WHAT IS EXPECTED » Using the data below, set down every line from the one containing "Накладной светильник Hiper" through the one containing "Costanzo Festa: Mottetti Vol. I & II", inclusive and unchanged. Pictures are to be skipped.

TASK INPUTS »
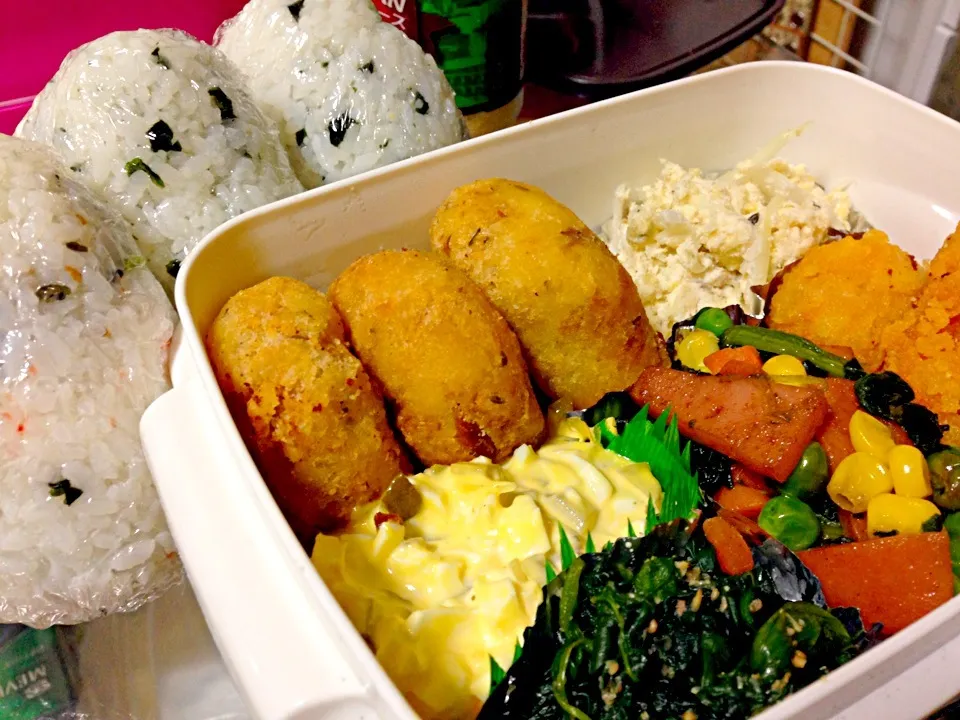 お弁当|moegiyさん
==
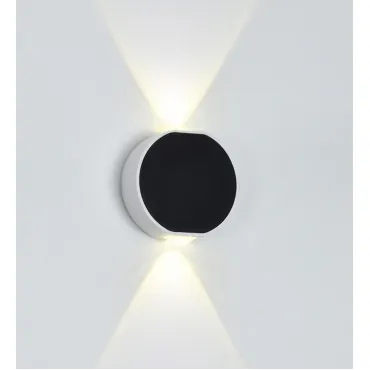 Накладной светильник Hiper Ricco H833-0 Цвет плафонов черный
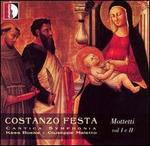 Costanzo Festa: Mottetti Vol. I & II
==
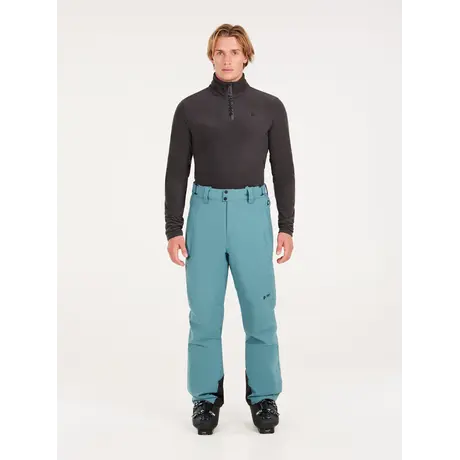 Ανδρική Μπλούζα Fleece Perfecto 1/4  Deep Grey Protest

RESPONSE TO THE TASK »
 Накладной светильник Hiper Ricco H833-0 Цвет плафонов черный
 Costanzo Festa: Mottetti Vol. I & II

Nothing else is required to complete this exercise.